[DATA RECORDS Boundary: Start]
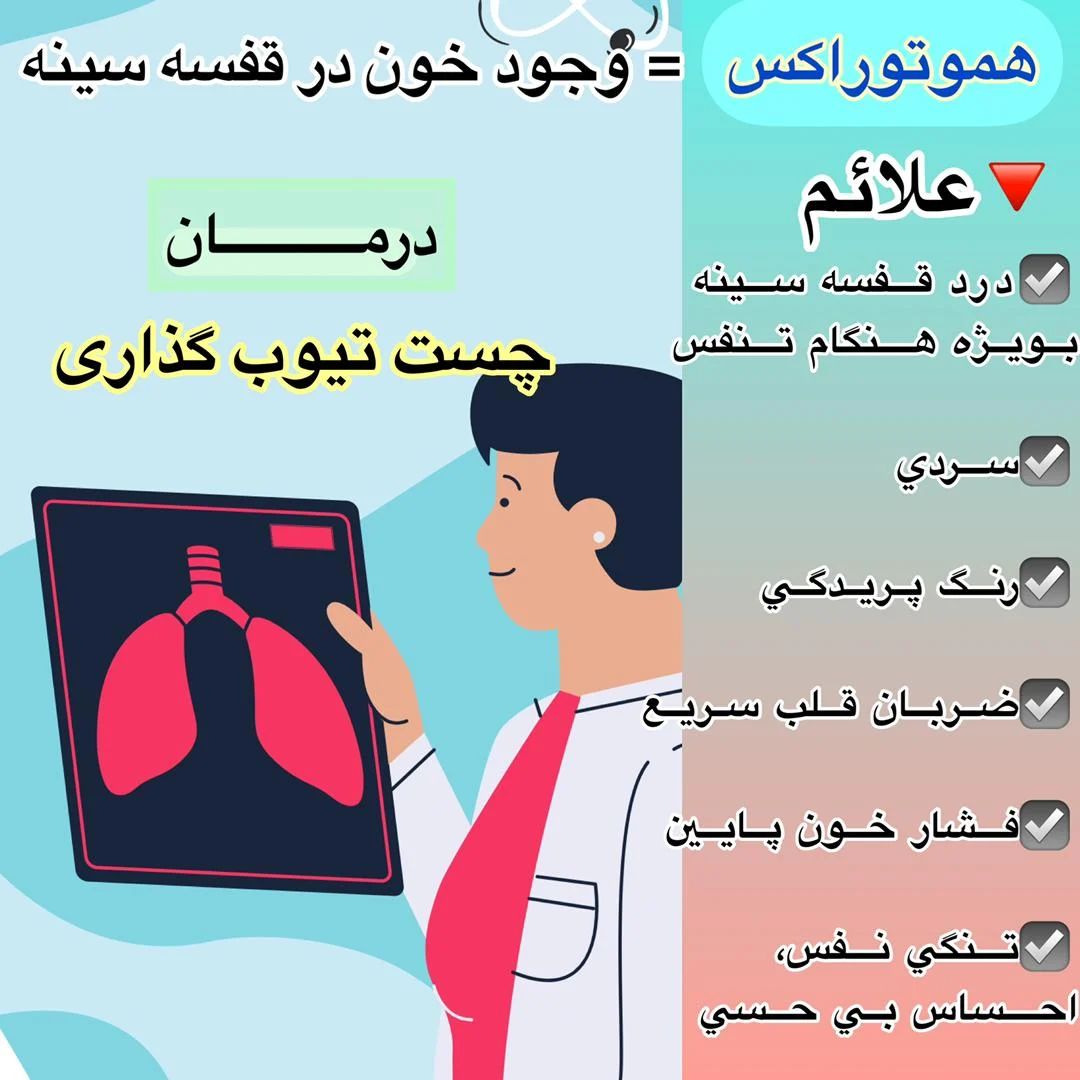 موتور موتور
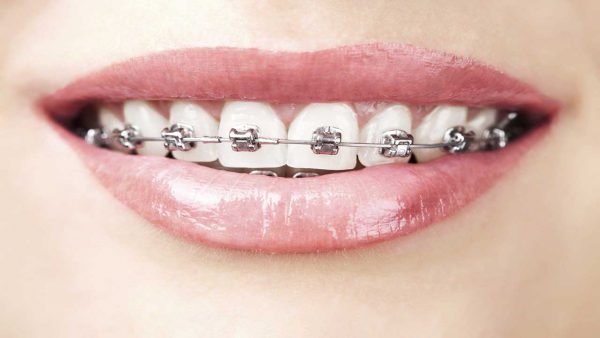 Niềng răng giai đoạn nào đau nhất? Chăm sóc sau niềng răng
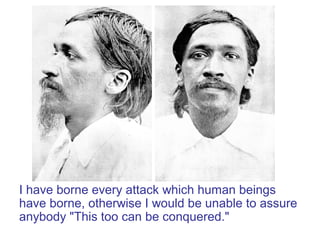 I have borne every attack which human beings
have borne, otherwise I would be unable to assure
anybody "This too can be conquered."
 
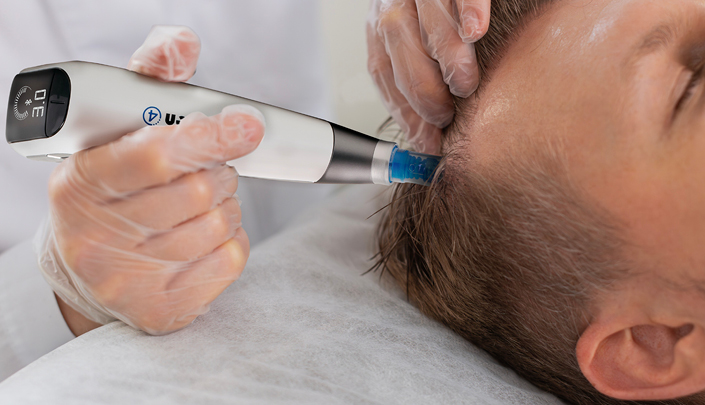 میکرونیدلینگ و کوکتل‌تراپی مو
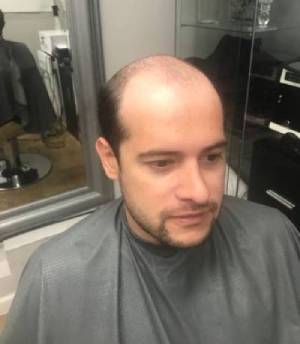 Ralph before he gets his hair back at md hair design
[DATA RECORDS Boundary: End]
In your copy, please omit the pictures and print every line of the records exactly.

RESPONSE AREA:
 موتور موتور
 Niềng răng giai đoạn nào đau nhất? Chăm sóc sau niềng răng
 I have borne every attack which human beings
have borne, otherwise I would be unable to assure
anybody "This too can be conquered."
 
 میکرونیدلینگ و کوکتل‌تراپی مو
 Ralph before he gets his hair back at md hair design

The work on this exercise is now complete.